→ Try it: For this exercise, retype all the data exactly and exclude every image.

→ Source data:
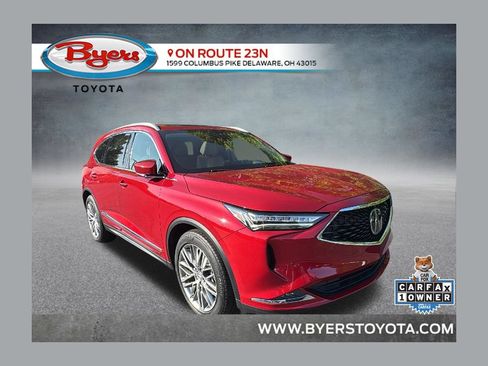 Used 2023 Acura MDX SH-AWD w/ Advance Package image 1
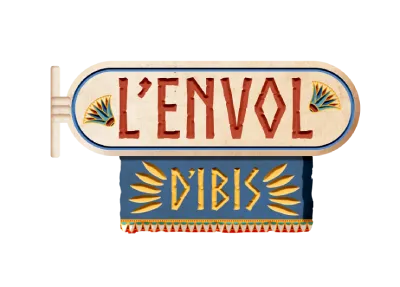 <span>L'Envol d'Ibis</span>
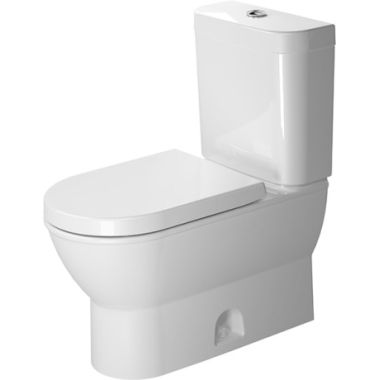 Click here to see Duravit 2126012000 Duravit 2126012000 Darling New Single Flush Two-Piece Floor Mounted Elongated Toilet - White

→ Written solution:
 Used 2023 Acura MDX SH-AWD w/ Advance Package image 1
 <span>L'Envol d'Ibis</span>
 Click here to see Duravit 2126012000 Duravit 2126012000 Darling New Single Flush Two-Piece Floor Mounted Elongated Toilet - White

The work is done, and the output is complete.